Text NE 342 d: "Die seelige Mutter Maximiliana / an den Sohn Franz Brentano am silbernen / Hochzeitsfest. / Heil deinem Fest! mein Franz, mein Sohn, mein Freund. / Du meiner Lieder Bruder Trost und Halt, / die heißer nicht, als du um mich geweint, / Schon oft ist meine seele dir genaht, / Und legte kühlend dir auf heiße Wunden / das Mutterherz, das du in meiner Brust gefunden. / Auch heut zu deinem Feste kehr ich wieder. / Und lasse auf dein gutes Weib mich nieder / Und auf mein Patchen und auf All die deinen, / durch meinen Dank gen dich, sind sie die Meinen, / was mich betrübte, Franz, / betrübte dich, / dein Herz hob stets bei meiner Freude sich, / So dank ich segnend denn in reiner Liebe. / Tust ja kein Seelenzug der nicht gesegnet bliebe!"
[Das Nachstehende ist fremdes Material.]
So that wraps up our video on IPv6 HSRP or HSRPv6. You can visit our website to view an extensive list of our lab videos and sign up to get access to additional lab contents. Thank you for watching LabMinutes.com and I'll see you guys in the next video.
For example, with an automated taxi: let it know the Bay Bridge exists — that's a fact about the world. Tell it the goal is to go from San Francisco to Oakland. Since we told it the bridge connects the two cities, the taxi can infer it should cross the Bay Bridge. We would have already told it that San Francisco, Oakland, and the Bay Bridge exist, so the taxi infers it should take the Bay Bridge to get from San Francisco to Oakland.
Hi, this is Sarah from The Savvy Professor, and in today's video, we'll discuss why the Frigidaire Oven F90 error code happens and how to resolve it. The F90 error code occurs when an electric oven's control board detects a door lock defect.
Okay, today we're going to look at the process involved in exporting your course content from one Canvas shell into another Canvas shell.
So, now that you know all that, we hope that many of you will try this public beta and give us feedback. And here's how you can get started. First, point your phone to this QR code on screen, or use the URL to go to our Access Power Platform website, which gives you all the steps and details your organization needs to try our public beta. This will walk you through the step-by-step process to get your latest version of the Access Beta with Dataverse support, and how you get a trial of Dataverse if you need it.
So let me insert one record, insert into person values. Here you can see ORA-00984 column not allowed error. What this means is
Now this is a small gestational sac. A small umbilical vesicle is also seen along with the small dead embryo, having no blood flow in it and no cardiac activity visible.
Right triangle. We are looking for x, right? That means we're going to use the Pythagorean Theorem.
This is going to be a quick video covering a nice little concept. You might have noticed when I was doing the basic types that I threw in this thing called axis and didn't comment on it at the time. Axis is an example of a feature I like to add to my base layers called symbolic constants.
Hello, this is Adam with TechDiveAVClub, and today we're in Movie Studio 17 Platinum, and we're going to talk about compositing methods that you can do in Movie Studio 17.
Text NE 342f: "Die seelige Schwester Sophie / an den Bruder Franz Brentano am silbernen / Hochzeitstage. / Dies Bild, das einer andern Abbild war, / Stellt mich die eine andre Wurde dar, / Zu Ruhen, Sinnen, Schlummern birgt ihr Haupt / Ein Aug arm lehnend, Mir war es geraubt, / Das Andre blickt gar innig in die Zeit, / So thu auch ich aus meiner Ewigkeit / Zu dir und ihr, um die ich treu dir warb, / Selbst unerwerblich, warb ich dir, und starb. / Mein Theurer Bruder, liebe Toni, sagt mir an, / Hab ich euch gut gewählt, ist aller Wahn, / des Sinnenthaues Rausch ist er zerronnen, / Steht bald die Wahrheit nackt im Licht der Sonnen, / Die keusche Wahrheit, die vom Fleisch entkleidet / In Kreuzes form die Arme in uns breitet? / Ich habe zur Erkenntniß euch verbunden, / Dann ward das blinde Aug mir dort entbunden. / Jezt seh ich hell, und kenn' ein andres Lieben, / Oh ihr, die in der Gnadenraum geblieben, / Wo meines Liebsten Blut zur Erde thaut' / Schminckt opfernd meine Wangen, daß ich Braut / Zum blut'gen Keltertreter blühend ein kann ziehen, / Füllt meine Lampe an, euch ists verliehen. / Ihr stehet bei dem Wein, ich bei den Tränen, / Hier ist es ernst, o kühlt mein heißes Sehnen, / Für mich aufopfernd wahren Weinstocks Blut, / Auf daß die Ruhende ganz seelig ruht, / Nur dieser Kelch des Fests kann mir gesunden, / Seit beide Augen sich dem Licht entbunden. / Daß mir nichts fehle, mögt ihr liebend denken, / Gebt der Geringsten einen Trunk den Herrn zu Tränken." (F. G.)